In a patent application in which the claims are directed to a general "field-effect-type semiconductor device", but in which the only described embodiments are IGBTs, the inclusion of such a statement is presumably intended to provide support in the description within the meaning of Article 84 EPC for the original claims.

In the opinion of the Board, however, this statement does not have any bearing on the question whether a feature which was not originally claimed, and which is disclosed only in the context of specific embodiments, may subsequently be claimed in a more general context without violating the requirements of Article 123(2) EPC.

2.4 The feature that the width X is 20 mym or less is disclosed only in the two passages mentioned above, as follows:

"Furthermore, it is preferable that the width X of the N**(+) emitter region ... is 20 µm or narrower. That is, in case it is too wide, latch-up phenomenon is likely to occur."

The "latch-up phenomenon" referred to is that disclosed inter alia in the passage from page 4, line 15 to page 5, line 5, in terms of the device shown in Figs. 30 and 31, a device which the skilled person would immediately recognise as an IGBT. According to the description, this latch-up phenomenon is caused by the switching on of a parasitic NPNP thyristor comprising regions 904, 903, 902, and 901, (collector region 901 is wrongly referred to as "N**(+)" on page 5, line 2; clearly this should read "P**(+)", as on page 2, lines 14-17 and in Fig. 31).

This type of latch up is a well-known problem in IGBTs, but does not occur in other field-effect-type semiconductor devices which would nevertheless fall within the ambit of claim 1 of the main request. For example, power MOSFETs do not suffer from the particular type of latch up disclosed in the application since, in a power MOSFET, the region corresponding to the P**(+)collector region 901 in Fig. 31 would be replaced by an N**(+) drain region, and so no parasitic NPNP thyristor would be formed.

2.5 Hence, the original application discloses, in the first and fourth embodiments only, a first feature that the width X is 20 mym or less, in combination with a second feature that the device is an IGBT. Claim 1 of the main request incorporates the first feature but not the second.

The first feature is disclosed, however, as overcoming a problem of IGBTs, and hence a clear technical relationship is disclosed in the application as filed between the first and second features, and there is no disclosure of the first feature in any other context. The Board therefore takes the view that importing the second feature into claim 1 of the main request, while omitting the first, results in the skilled person being confronted with technical information not unambiguously disclosed in the application as originally filed. As a result, claim 1 of the main request fails to meet the requirements of Article 123(2) EPC.

2.6 In auxiliary requests 1-3, claim 1 is similarly directed to a "field-effect-type semiconductor device" having the feature that the width X is 20 mym or less.

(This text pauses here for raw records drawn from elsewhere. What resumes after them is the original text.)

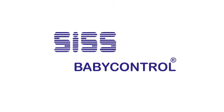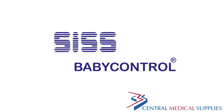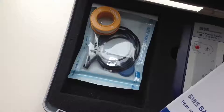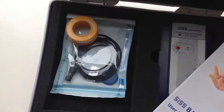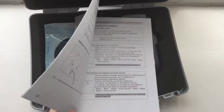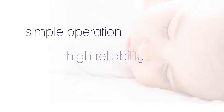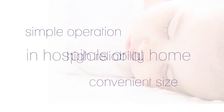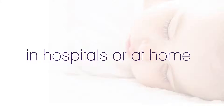The SIS Baby Control monitors the respiration of babies and infants, alarming if respirations cease. The monitor comes with all the parts needed to reliably monitor baby. Included is a set of user instructions featuring all details. The simple operation, high reliability and convenient size make the SIS Baby Control monitor an applicable instrument for baby monitoring in hospitals or at home.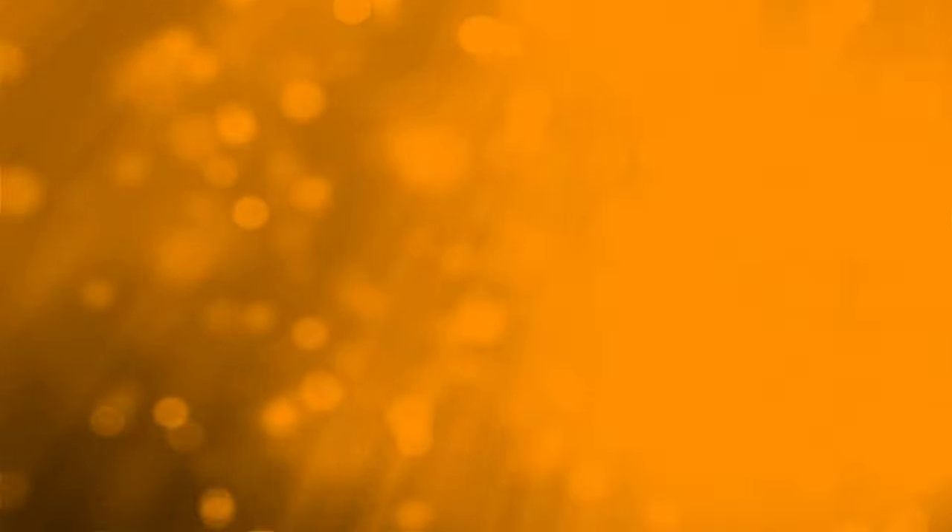Oh, you wouldn't know until tomorrow. Just kidding — you would know immediately. Well done. Cheers, everyone. Thank you, Scott. Thank you.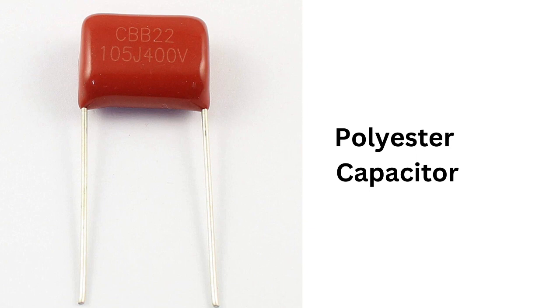Overall, polyester capacitors are widely used in electronic circuits and are among the most common types of capacitors on the market. They have a broad range of applications, from coupling and DC blocking to timing and many other applications. They are ideal for use in circuits that require a stable, high-quality signal.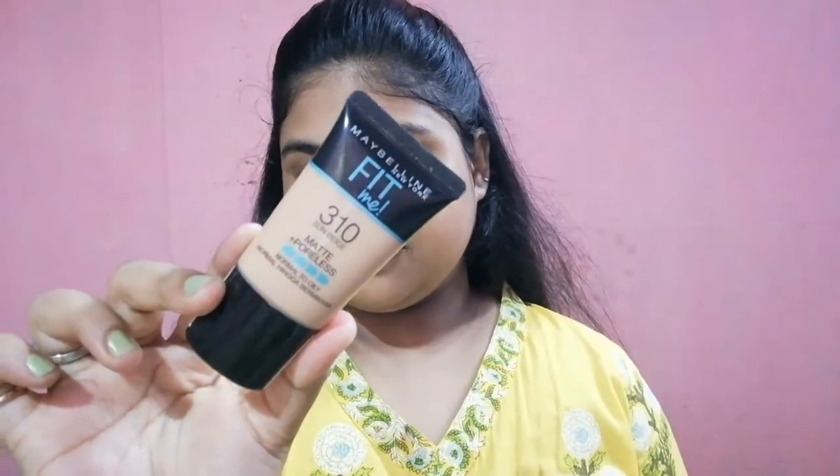Then I am going to use this Maybelline Fit Me Foundation in shade 310 Sun Beige. This shade goes perfectly with my skin tone. This foundation is also very easy to blend and gives good coverage.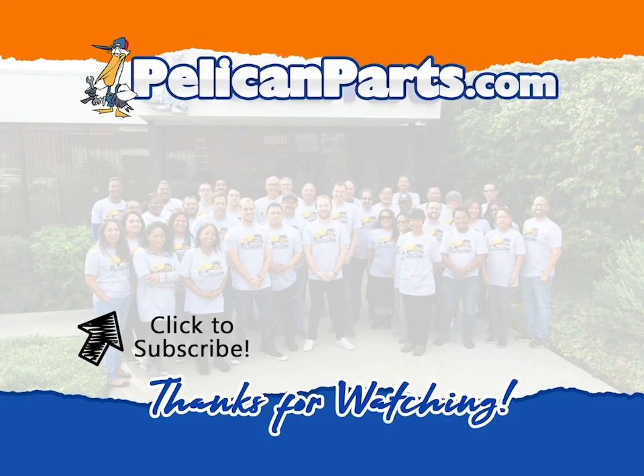Thanks for watching. Be sure to subscribe to our channel and check out another video in this series.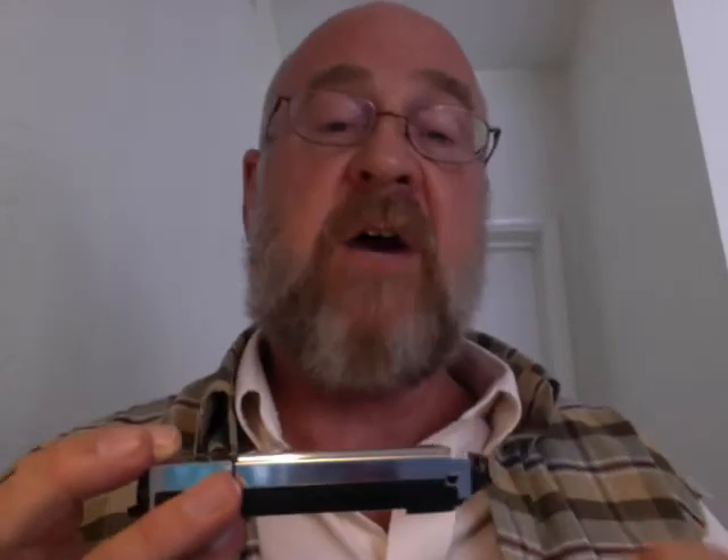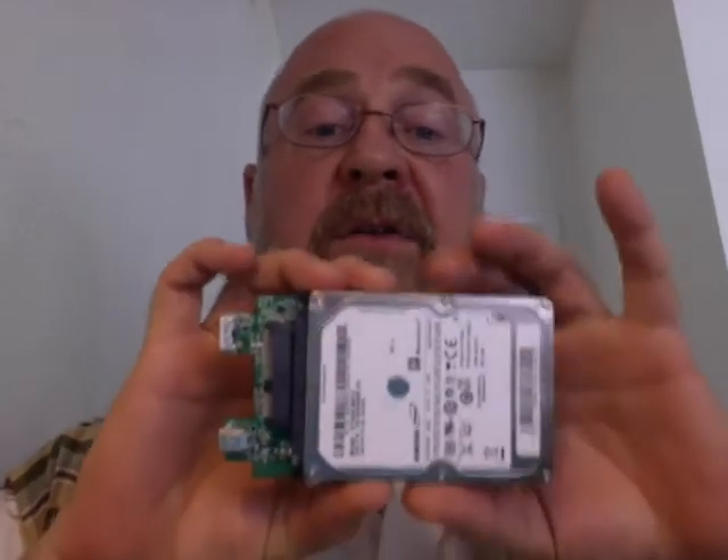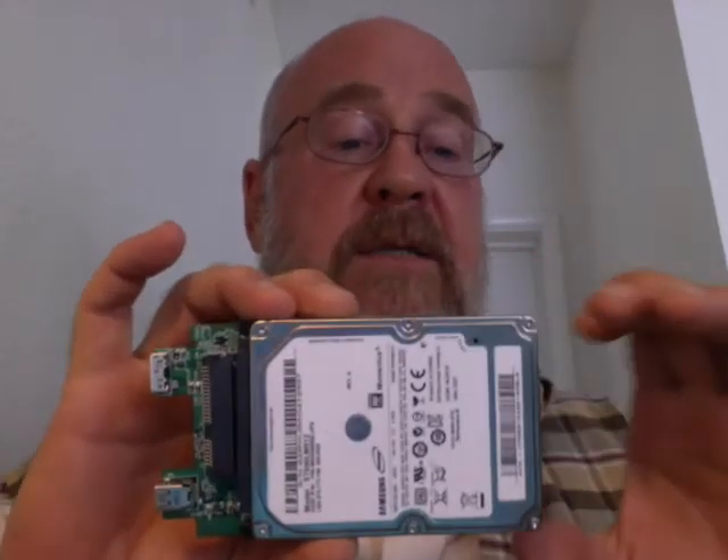I was able to get the drive caddy out reasonably easily. In a lot of drive cases when you try to open them up, those latches are very brittle and just break off. But fortunately this was reasonably flexible enough that I was able to get the drive mechanism and circuit board tray out without too much trouble. What I ended up with was the circuit board with both the USB 3 and Thunderbolt ports on it, and the Samsung 5400 RPM mechanical SATA drive.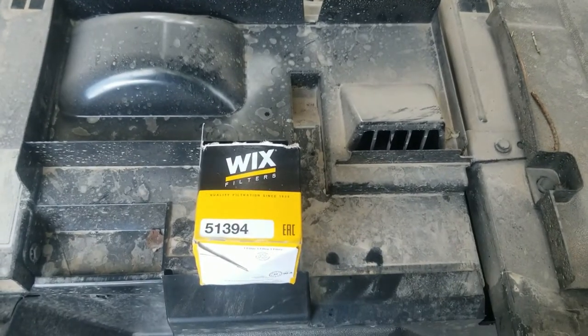Hey YouTube, it's Bobby with KCA Ranch and Homestead. I'm going to do a quick down-and-dirty video on changing the oil on a 2022 Kawasaki Mule Pro FX. I didn't feel like hauling it to the dealership and paying a couple hundred bucks for them to do the first service, so I just decided to try it myself.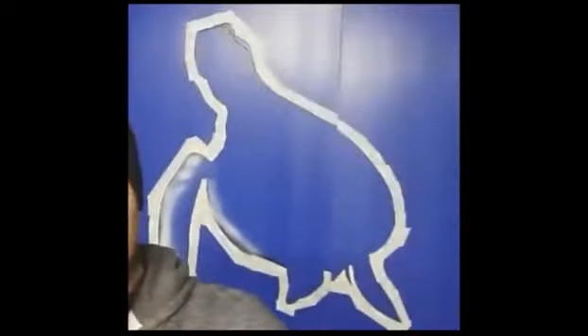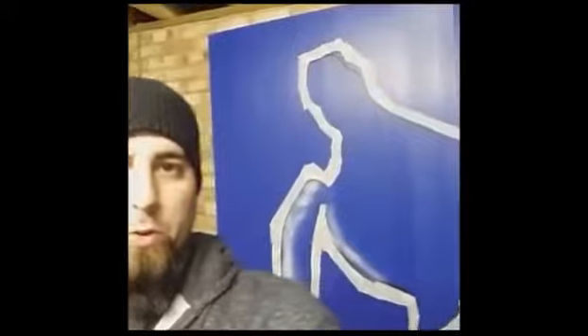Behind me you can see a very loosely drawn in sea turtle. This is part of the polytunnel thing we've got going on for Dramatic Aquatic.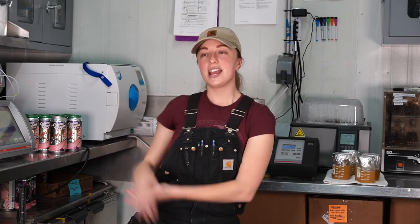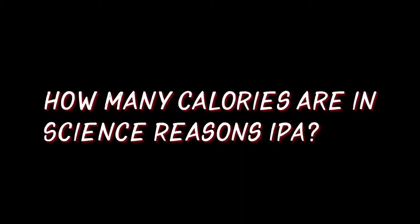That is our alkalizer. It does a lot — it'll do calories, terminal gravity, original gravity, ABV, all that fun stuff. I don't think I want to tell the audience how many calories are in Science Reason, because I don't want to deter them from drinking beer. We recently changed the home screen on the alkalizer so it shows you the calories every time you run a sample — calories per 12 ounces. No one liked that, because now they know how many calories they're drinking. I just don't want to bring the crowd down.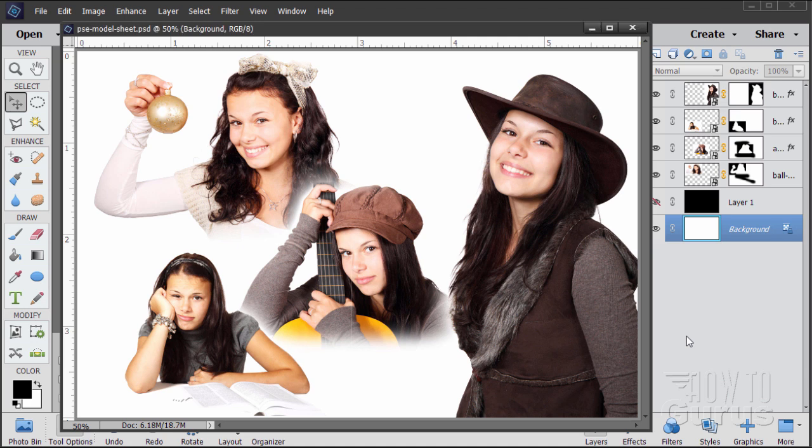Hi, I'm George Pearson and in this Photoshop Elements Blending Pictures video, we'll be creating this collage here of different model shots. Now, if you enjoy this video, make sure you click that like button and also subscribe to my channel. If you want to learn a lot more about Photoshop and become a real expert, take a look at my complete training — you'll find a link in the YouTube cards and also in the description.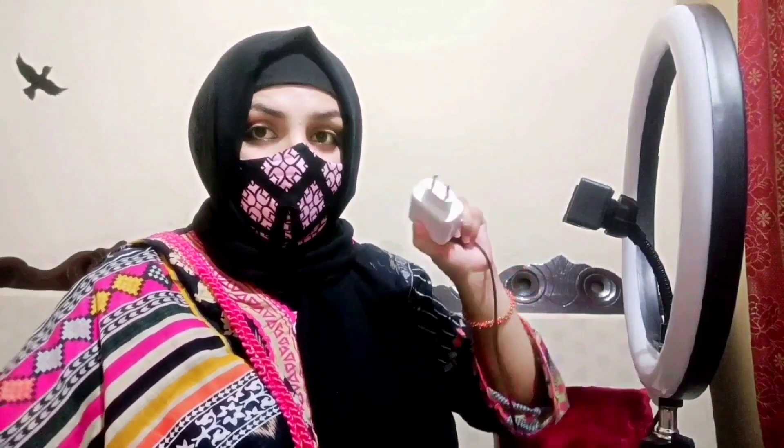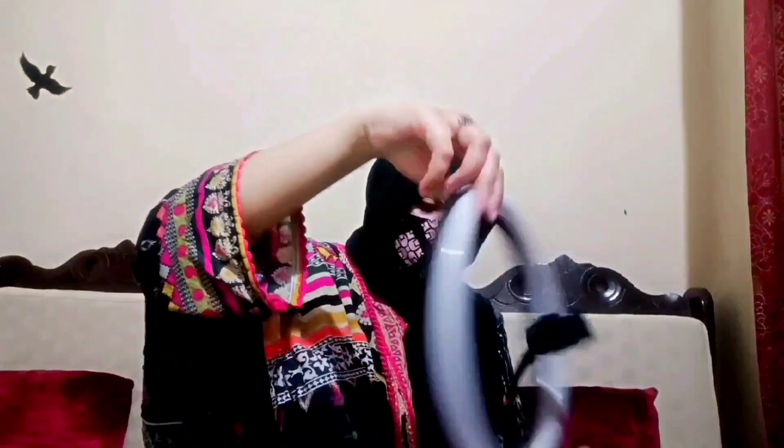Now I am going to attach the ring light to the new stand. I will show you how it looks and I will show you everything about it.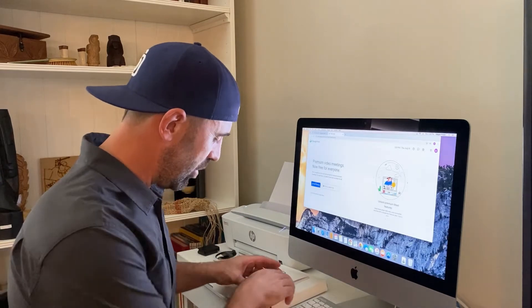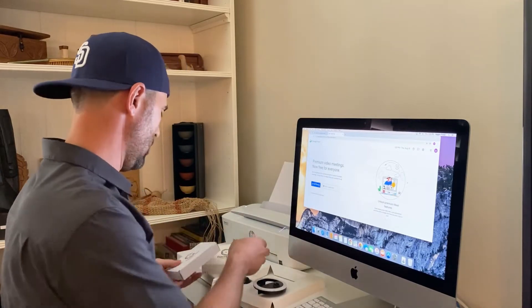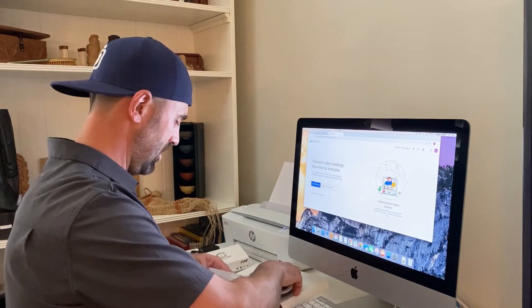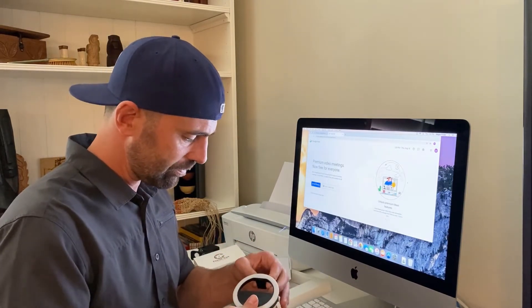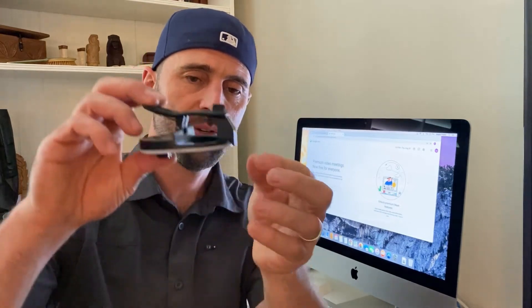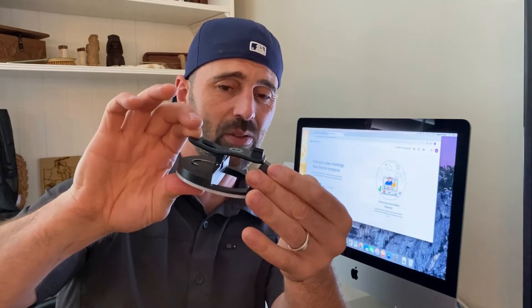Our standard video talks about how to set up the camera assembly with the standard clip. I'm going to cut to the chase and show you the ring light. The ring light is a positive tension clip, similar in operation to our standard clip. You'll notice there's a little block — you don't need that, it's just for shipping. It decreases the clamp distance by almost a half inch so we can ship it in a more consolidated manner. You can throw it away if you like.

This subject-matter fails to meet the requirements of Article 123(2) EPC for the reasons mentioned above, mutatis mutandis.

2.7 Claim 1 of auxiliary request 7 is directed to an insulated gate bipolar transistor (IGBT) with a trench-type gate structure, and hence the above objection has been overcome. The other objections raised in the Board's communications are also considered to have been overcome.

In particular, claim 1 (which is now directed at the first embodiment only, as is reflected in the amended description adapted to auxiliary request 7) now includes a definition of the direction of W and X which is consistent with that disclosed in the description and drawings, and it is explicitly stated that the device is based on repeating units, the unit being satisfactorily defined.

2.8 In view of these amendments, and the other explicit amendments to claim 1, as well as those features which a skilled person would understand to be implicit in the term "insulated gate bipolar transistor (IGBT) with a trench-type gate structure", as now defined in the claim, the Board is satisfied that claim 1 of auxiliary request 7 meets the requirements of Article 123(2) EPC.

3. Inventive step: auxiliary request 7

3.1 In the light of point 3.2 of the communication of 13 May 2011, which refers to point 4.1 of the communication of 19 January 2011, which in turn refers to point 4 of the communication of 9 April 2009, the application was apparently refused for lack of inventive step on the basis of a combination of documents D1 and D4 or a combination of documents D1 and D6.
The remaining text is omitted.